Fear not, herpetophobes: No venomous snakes will be plopped on an island in the middle of the Quabbin Reservoir for the purposes of repopulating.
The state Fisheries & Wildlife board Wednesday voted to “indefinitely suspend” plans to breed timber rattlesnakes in captivity and then bring the endangered creatures to Mount Zion — the largest island in the reservoir — to thrive.
The decision was made after “considering recommendations and comments by the Rattlesnake Working Group and members of the public,” state officials said.
“The Department of Fish and Game remains committed to the protection and conservation of all endangered and at-risk species throughout the Commonwealth,” said Peter Lorenz, spokesman for the Office of Energy and Environmental Affairs, which oversees the department.
He added the state looks “forward to continuing to work with the public and stakeholders to utilize the best science available in an effort to strike a balance between wildlife protection and public access.”
The proposal, which came to be known unofficially as “Rattlesnake Island,” called for reestablishing the timber rattlesnake population by breeding more than 100 of the snakes at the Roger Williams Zoo in Rhode Island and then transporting them, over the course of a decade, to the island.
But people feared that unleashing the poisonous snakes would put residents, hikers, and those fishing nearby in danger. The island is closed to the public, but many claimed the snakes would swim to land.
After months of debate, those who staunchly opposed a snake haven won out Wednesday.
Senator Eric Lesser, whose district includes Belchertown, one of the communities that borders the reservoir, said he was pleased with the state’s decision to reverse its stance and instead focus on supporting the existing rattlesnake population.
“Protection of the environment and sound stewardship of our wildlife are values I hold deeply, and I know the residents of the Quabbin region care deeply about them as well,” he said in a statement. “My hope is that in the future, these types of projects will be undertaken with an appreciation for the impact they have on local communities.”
In a follow-up interview with the Globe, Lesser added, “Mission accomplished.”
“I’m grateful they made this decision,” he said. “It’s the right decision.”
Senator Anne Gobi, whose district includes the reservoir and surrounding communities, also supported the board’s vote.

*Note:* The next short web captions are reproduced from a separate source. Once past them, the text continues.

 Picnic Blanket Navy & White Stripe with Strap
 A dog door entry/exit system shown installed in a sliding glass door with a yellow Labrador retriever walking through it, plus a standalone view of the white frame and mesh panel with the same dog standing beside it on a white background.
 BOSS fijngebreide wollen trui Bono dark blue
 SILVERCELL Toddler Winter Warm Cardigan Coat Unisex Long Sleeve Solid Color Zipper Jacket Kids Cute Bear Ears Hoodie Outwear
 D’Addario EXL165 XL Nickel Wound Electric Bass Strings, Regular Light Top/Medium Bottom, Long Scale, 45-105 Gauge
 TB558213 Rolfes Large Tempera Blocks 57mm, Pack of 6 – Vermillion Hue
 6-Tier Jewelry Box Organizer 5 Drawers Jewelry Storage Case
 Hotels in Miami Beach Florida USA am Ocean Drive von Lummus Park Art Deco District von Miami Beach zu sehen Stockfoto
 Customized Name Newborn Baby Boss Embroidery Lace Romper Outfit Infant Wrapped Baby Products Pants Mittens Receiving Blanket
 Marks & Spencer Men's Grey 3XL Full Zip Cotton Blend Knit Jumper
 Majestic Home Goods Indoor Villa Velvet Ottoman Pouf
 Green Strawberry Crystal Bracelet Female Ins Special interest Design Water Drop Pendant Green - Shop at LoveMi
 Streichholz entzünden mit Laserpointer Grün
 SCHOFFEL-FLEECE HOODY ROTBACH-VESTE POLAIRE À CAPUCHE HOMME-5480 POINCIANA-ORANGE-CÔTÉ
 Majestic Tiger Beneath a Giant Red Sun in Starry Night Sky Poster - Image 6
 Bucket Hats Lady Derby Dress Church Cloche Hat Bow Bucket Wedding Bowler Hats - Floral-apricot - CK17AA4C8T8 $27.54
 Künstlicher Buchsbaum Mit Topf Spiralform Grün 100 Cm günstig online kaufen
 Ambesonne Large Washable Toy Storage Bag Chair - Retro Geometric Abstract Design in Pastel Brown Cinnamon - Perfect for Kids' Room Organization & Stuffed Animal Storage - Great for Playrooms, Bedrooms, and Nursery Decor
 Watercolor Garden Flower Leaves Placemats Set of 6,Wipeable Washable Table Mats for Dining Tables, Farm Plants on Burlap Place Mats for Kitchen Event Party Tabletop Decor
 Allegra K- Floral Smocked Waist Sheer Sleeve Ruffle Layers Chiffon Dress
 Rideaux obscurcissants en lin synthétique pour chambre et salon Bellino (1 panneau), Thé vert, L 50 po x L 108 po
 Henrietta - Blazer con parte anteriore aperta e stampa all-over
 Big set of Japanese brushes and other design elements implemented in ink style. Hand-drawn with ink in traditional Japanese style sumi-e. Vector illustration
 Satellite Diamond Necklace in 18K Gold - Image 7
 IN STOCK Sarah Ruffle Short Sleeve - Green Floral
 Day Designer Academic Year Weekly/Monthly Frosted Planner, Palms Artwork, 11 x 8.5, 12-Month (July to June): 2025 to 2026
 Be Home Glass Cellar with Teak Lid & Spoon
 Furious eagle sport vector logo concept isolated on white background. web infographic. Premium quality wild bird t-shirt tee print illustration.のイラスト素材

“Preservation of endangered species is a major priority of mine and members of the Fisheries and Wildlife Board,” she said in a statement. “The decision to convene the Rattlesnake Working Group was an important measure to hear from area residents and to determine if this plan was the right one. In the end, it wasn’t.”Steve Annear can be reached at firstname.lastname@example.org. Follow him on Twitter @steveannear.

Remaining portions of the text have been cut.